Monday, June 14, 2010

Ethics and Technology

Last Wednesday I had dinner with a friend, and the subject of electronic piracy came up. This is something of a hot-button issue among most of my friends, so I always like to gauge where people stand on it.

The issue as I see it is this: electronic piracy is very tempting and very easy, especially with streaming sites and direct download everywhere. It used to be that the technology wasn't at a level that made downloading movies (for example) either affordable or practical, but over the course of the last few years that has changed. Wed hosting is cheaper and high-speed access is readily available. The degree of policing varies a lot, of course, but it seems that it is often possible to get away with it, especially since uploaders are often prosecuted, not downloaders. And legal distribution does not quite keep up with demand, especially for those of us with somewhat niche tastes.

Of course all of this is against the law in most parts of the world. But is it unethical? This, I think, is a much more serious consideration.

My idea of ethics is that we should avoid causing harm to others as best as we can while trying to alleviate harm that has already been done. So does piracy cause harm? The issue I struggle with is that some of us (perhaps a lot of us) wouldn't have bought the product we pirated. Or what if it's something that is unavailable (or very rare) through legal channels, like a movie that has only been released in another country or a book that's been out of print for twenty years? I mean, the harm that might conceivably be caused is that of the legitimate producers (creative talent, distributors, etc.) not getting a profit, which is a tenuous kind of harm at best.

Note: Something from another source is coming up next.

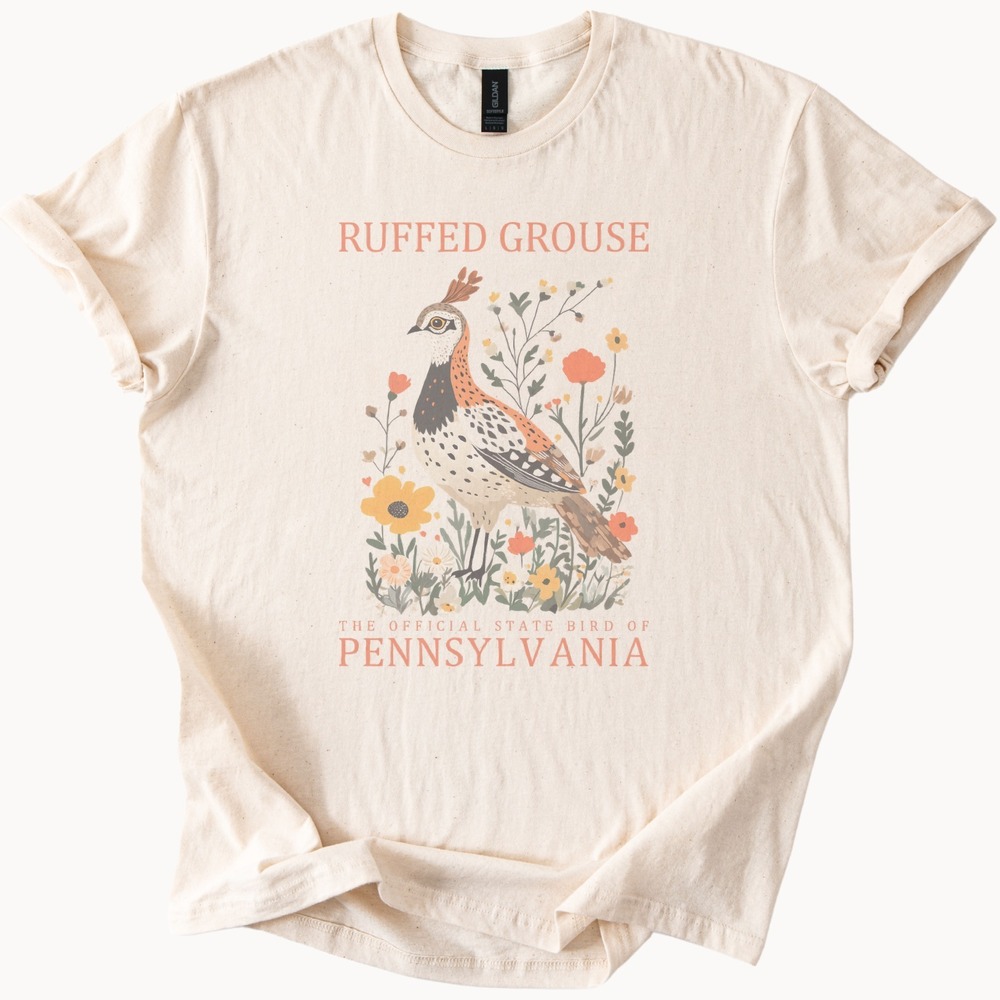 Ruffed Grouse Folk Art Graphic Tee Natural Wildflower Design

At the same time, as I told my friend, it seems to me that the urge to download illegally comes from a somewhat ugly bit of entitlement - I want it, so I should have it. And this bothers me, even if no one's much harmed in the process.

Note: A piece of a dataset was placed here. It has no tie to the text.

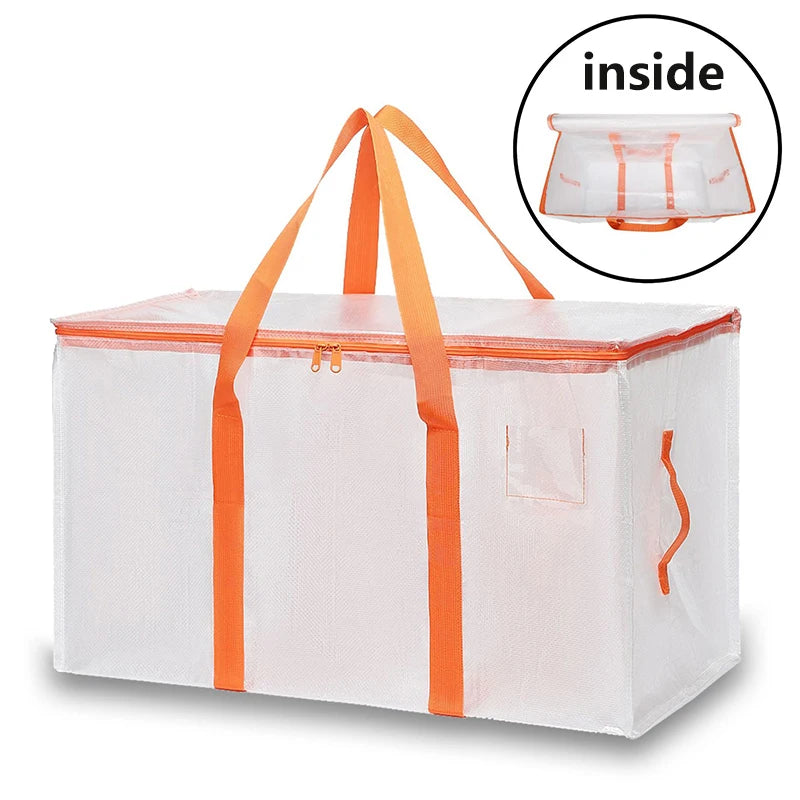 4/8/10 Pack Extra Large Moving Bags with Zippers Carrying Handles Heavy Duty Storage Tote Moving Boxes for Space Saving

Fan works, on the other hand, I fully support, including the ones like music videos that take bits of the original material and remix or re-envision them.

I try to stay in the gray area of things that are unavailable, and I have bought some that later became available, but I remain quite conflicted on this issue.

I think it's hard to have an ethical system that isn't laid out for you ahead of time, and no matter your ethical or moral system, it's hard to follow the rules.

1 comment:

  1. A simple choices we make on an issue like this or, for example, on another apparently mundane issue such as how one behaves in traffic can have an effect on who you become. The question is, "Do we want to have some say over who we become and do we know what we want to become?"

    I liked your self-reflective post.